A team of researchers from University of Hawai`i, Rutgers and the University of Haifa studied that process. A press release with more images is here. 

The paper has the painful title, “Temporal and spatial expression patterns of biomineralization proteins during early development in the stony coral Pocillopora damicornis.” The authors are Tali Mass, M. Putnam, Jeana L. Drake, Ehud Zelzion, Gates, Debashish Bhattacharya and Paul G. Falkowski.

“The better we understand how corals grow, the better we understand the way they respond to ocean acidification, rising sea surface temperatures and pollution, and can therefore forecast and manage reefs communities in the future,” said Ruth Gates, director of the Hawai`i Institute of Marine Biology.
Another feature that’s important for a marine reef’s survival during climate change is its genetic diversity. A team led by HIMB researcher Kimberly Selkoe looked into the genetic diversity of reef corals by taking more than 17,000 samples from 47 Hawaiian coral species.
(Image: Coral reef with fishes in the Papahānaumokuākea Marine National Monument. Credit: James Watt, courtesy of PMNM/NOAA.)

Their work was also published in the Proceedings of the Royal Society B. A University of Hawai`i press release on the work is here. The paper is entitled “The DNA of coral reef biodiversity: predicting and protecting genetic diversity of reef assemblages.”

The authors are Selkoe, Oscar E. Gaggiotti, Eric A. Treml, Johanna L. K. Wren, Mary K. Donovan, Hawai‘i Reef Connectivity Consortium and Robert J. Toonen. They hail from HIMB, the University of California Santa Barbara, University of St. Andrews in Scotland, and the University of Melbourne in Australia.

The research team looked at reefs on 13 Hawaiian islands in both the main Hawaiian Island group and the Northwestern Hawaiian Islands. One finding: areas with higher species diversity—more different kinds of corals—also had corals with greater internal genetic diversity.

They also found that certain reefs, ones that had been bleached due to warm water temperatures, tended to have lower genetic diversity.

“This negative impact of thermal stress on genetic diversity suggests that climate change will compromise the adaptive capacity and genetic integrity of not just corals but the entire coral reef community,” Selkoe said.

There’s an assumption that more genetically diverse reefs have a stronger capacity to respond and survive threats like warming and acidification of the oceans. The research team will be looking into that, and whether the pattern of species diversity with genetic diversity is confirmed. 

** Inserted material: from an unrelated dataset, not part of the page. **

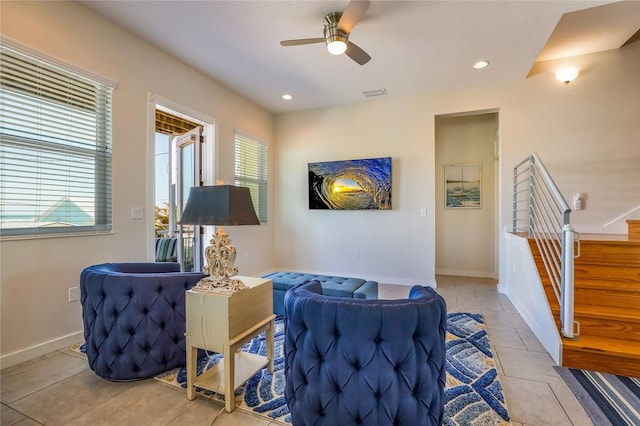 sitting room featuring light tile patterned floors, plenty of natural light, and ceiling fan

“If these relationships can be confirmed and replicated elsewhere, DNA sampling may one day allow rapid assessment of species diversity and new metrics of resilience and adaptive capacity,” Selkoe said.

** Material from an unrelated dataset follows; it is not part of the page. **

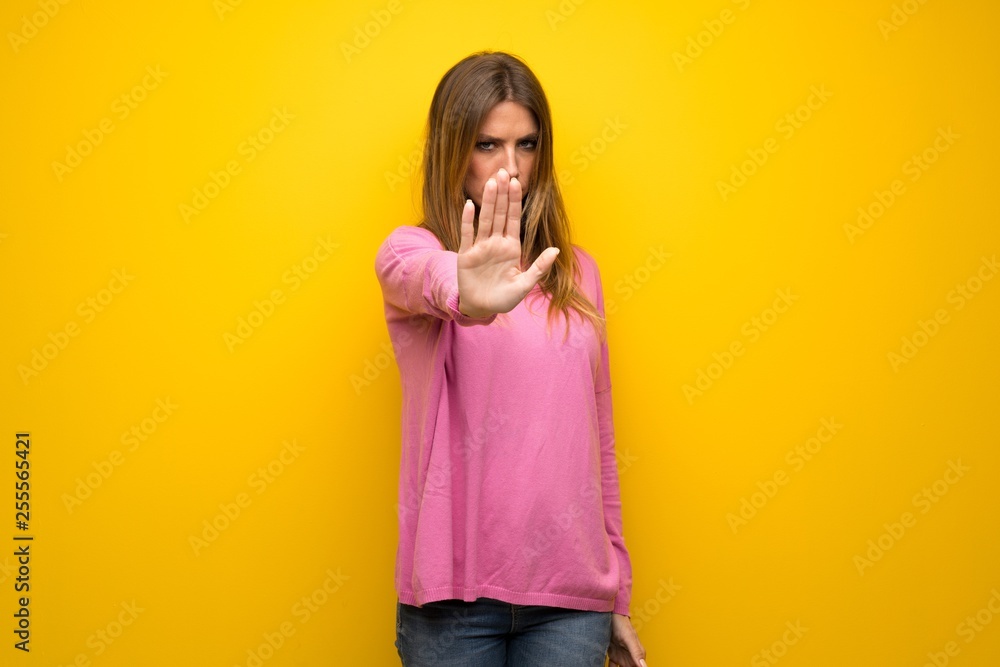 Woman with pink sweater over yellow wall making stop gesture denying a situation that thinks wrong Woman with pink sweater over yellow wall making stop gesture denying a situation that thinks wrong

The authors make the point that one technique for preserving coral reefs is to establish reserves to protect the areas with the greatest species and genetic diversity.

“The results highlight inherent feedbacks between ecology and genetics, raise concern that genetic resilience of entire reef communities is compromised by factors that reduce coral cover or available habitat, including thermal stress, and provide a foundation for new strategies for monitoring and preserving biodiversity of entire reef ecosystems,” the paper says.

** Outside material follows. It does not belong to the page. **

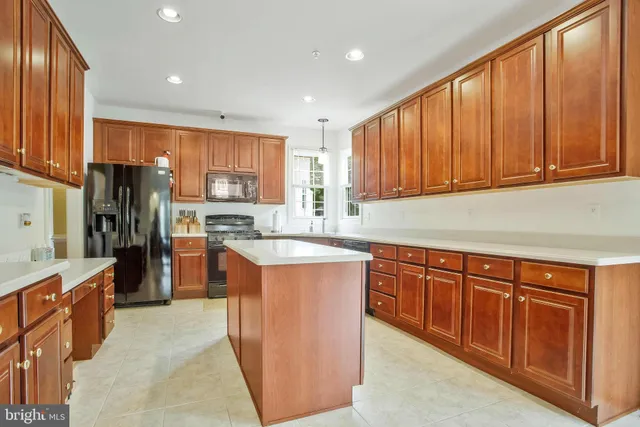 a view of a livingroom with workspace and a window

But there’s still a lot to know. One question is why coral species diversity is linked to genetic diversity. One suggestion is that it may have something to do with the kinds and numbers of coral-eating fish that are in the area. The researchers did find that where there are more vegetarian fish (herbivores), there are more corals—is that just because there’s more food and shelter there, or something else. 

One bit of good news for Hawai`i is that coral bleaching due to unusually high water temperatures, while a problem here, is a much worse problem on reefs closer to the equator.

“Low-latitude Pacific reefs have experienced thermal stress up to 240% higher than Hawai‘i and documented ecological effects have also been more severe, suggesting that recent declines in genetic diversity might also be more severe at lower latitudes,” the authors write.